Bullshit est présent, sans indication géographique (Br ou Am), dans Pardon My French!, dictionnaire de poche d'argot français-anglais et anglais-français paru en 1998 chez Harrap (p. 13).
Un équivalent britannique de l'interjection est bollocks![8], terme aussi orthographié bollox.
Les dictionnaires anglais-français traduisent bullshit en fonction de la nature grammaticale du terme : substantif, modificateur (adjectif), interjection, verbe transitif, verbe intransitif.
Le substantif bullshit se traduit par « connerie » (singulier) ou « conneries » (pluriel)[9].
L'interjection bullshit! a pour traduction « c'est des conneries ! »[10].
Le verbe to bullshit se traduit par « raconter des conneries à » quand il est transitif et par « déconner », « raconter des conneries » quand il est intransitif[9].

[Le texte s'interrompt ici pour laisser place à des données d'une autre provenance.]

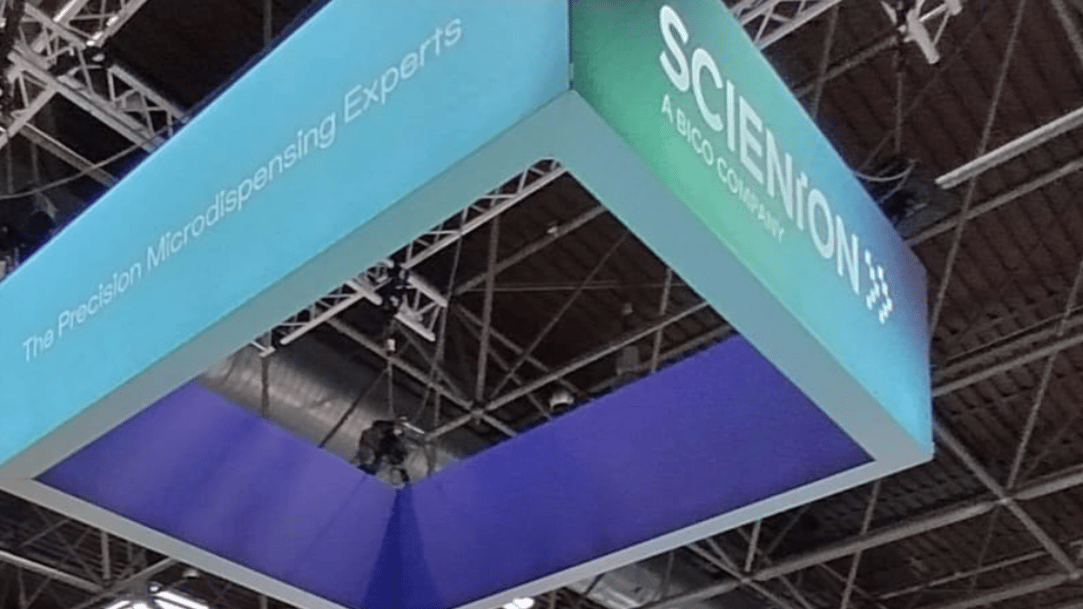 SCIENION GmbH @ MEDICA-2025 Messestand LA_CONCEPT_GmbH wirmachenmesse-1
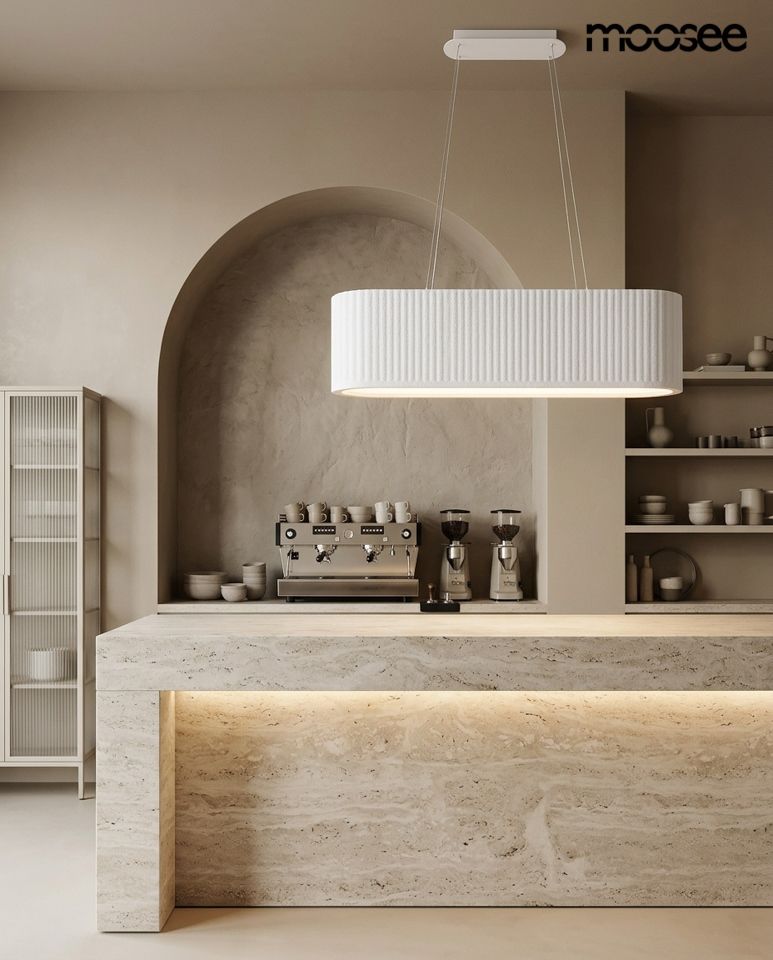 Mazaya függőlámpa fehér – LED, fém, műanyag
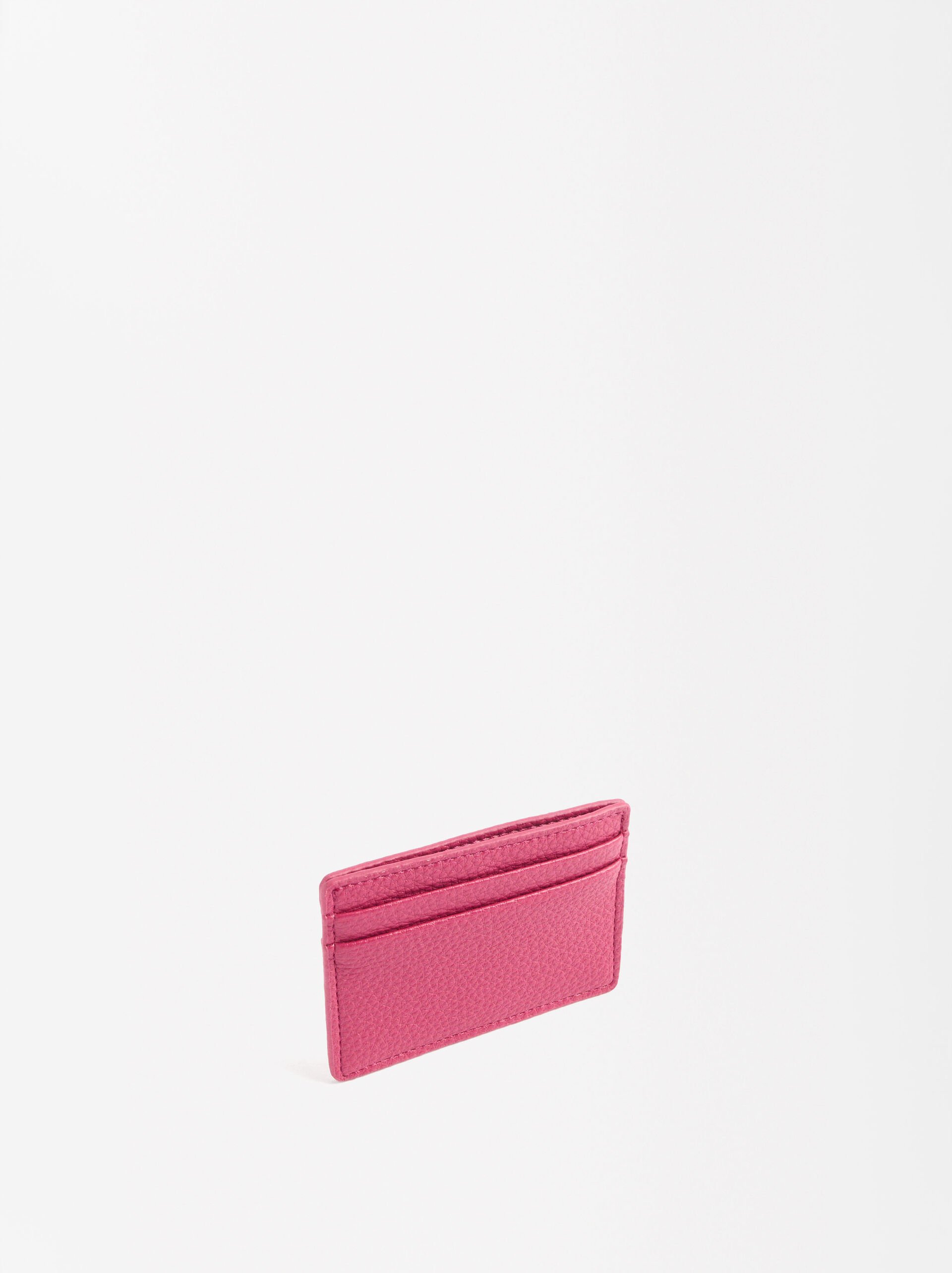 Basic textured card holder image number 2.0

Employé en tant que modificateur d'un substantif, bullshit peut être rendu par « à la con » ou « de merde », voire « merdique », ainsi dans bullshit job, « emploi à la con », « boulot de merde », « boulot merdique »[11].
Si le terme ne figure ni dans l'ouvrage Les mots anglais du français publié chez Belin éditeur en 1998 par le linguiste Jean Tournier[12], ni dans le livre Évitez le franglais, parlez français ! d'Yves Laroche-Claire paru chez Albin Michel en 2004[13], il est en revanche recensé comme emprunt à l'anglais par Alfred Gilder dans son Dictionnaire franglais-français paru au Cherche midi en 1999. Cet auteur qualifie « bullshit » de « terme venu tout droit de la sous-culture yanquie » et lui donne trois acceptions : « 1/ imbécilités, sottises, stupidités, balivernes, conneries ; 2/ affabulations, mensonges ; 3/ crânerie (Québec) »[14].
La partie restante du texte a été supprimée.